6) Mode of Action Strychnine is a competitive antagonist to glycine10. Glycine is a neurotransmitter in the central nervous system. Glycine has receptors in the brain stem that work to slow signals coming into and out of the brain. Since Strychnine is an antagonist, it causes more rapid signals into and out of the brain. Since the signals are not being slowed down, they are sent without discrimination which causes over stimulation. As a result, severe muscle convulsions are seen.
7) Strychnine Doping In low dosages, Strychnine can act as a stimulant and has been used by athletes to enhance their performance. Strychnine made headlines back in 1904 during the St. Louis Olympics. At this time there were no rules about the use of performance enhancing drugs. An American man by the name of Fred Lorz won the marathon competition but was disqualified just after crossing the finish line because officials learned he had taken a car ride for part of the race. The next man to finish was from Britain and his name was Thomas Hicks. Hicks won the gold medal but not without a little help. About 10 miles from the finish line Hicks begged his trainers to let him stop running and give-up the race. His trainers refused and gave him a dose of strychnine as a stimulant to keep him going14. They also gave him raw egg-white and brandy. As a result Hicks had to be carried across the finish line (shown below4) and it took four doctors to revive him so that he could leave the stadium. This was only one of the many controversial events of the 1904 Olympics.

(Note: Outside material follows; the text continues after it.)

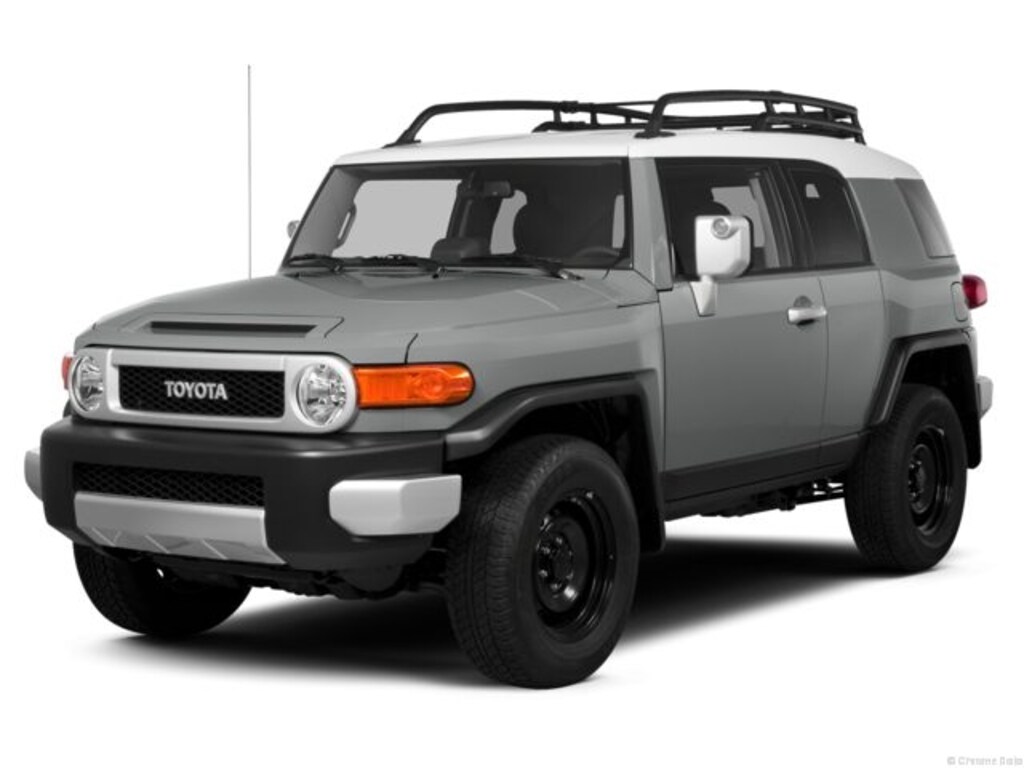 Used 2013 Toyota FJ Cruiser Base SUV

More recently at the 1992 Barcelona Olympics, Strychnine was used to optimize the athletic performance of a female volleyball player from China15. The woman's name was Wu Dan and she was actually the first person to test positive for drugs at the olympics. She tested positive for Strychnine that she claims she did not know she was taking. The Strychnine was contained in capsules that Dan was taking without the knowledge of the team doctor. She took the capsule as a tonic because she was feeling a bit tired. The Olympic committee banned her from any more competition but stated that Dan did not intentionally cheat but the mistake was due to poor education.
8) Murder by Strychnine A doctor by the name of William Palmer (shown below 5) was convicted and hanged to death for the murder of John Parsons Cook. Palmer was accused of poisoning Cook with Strychnine. He denied that he had any involvment with Cook's death but was ultimately found guilty. In addition to the death of Cook it is believed that Palmer was responsible for fifteen other deaths, all by Strychnine poisoning. Some of his other victims were believed to be his wife and four of his children. Palmer was nicknamed the 'Prince of Poisoners'.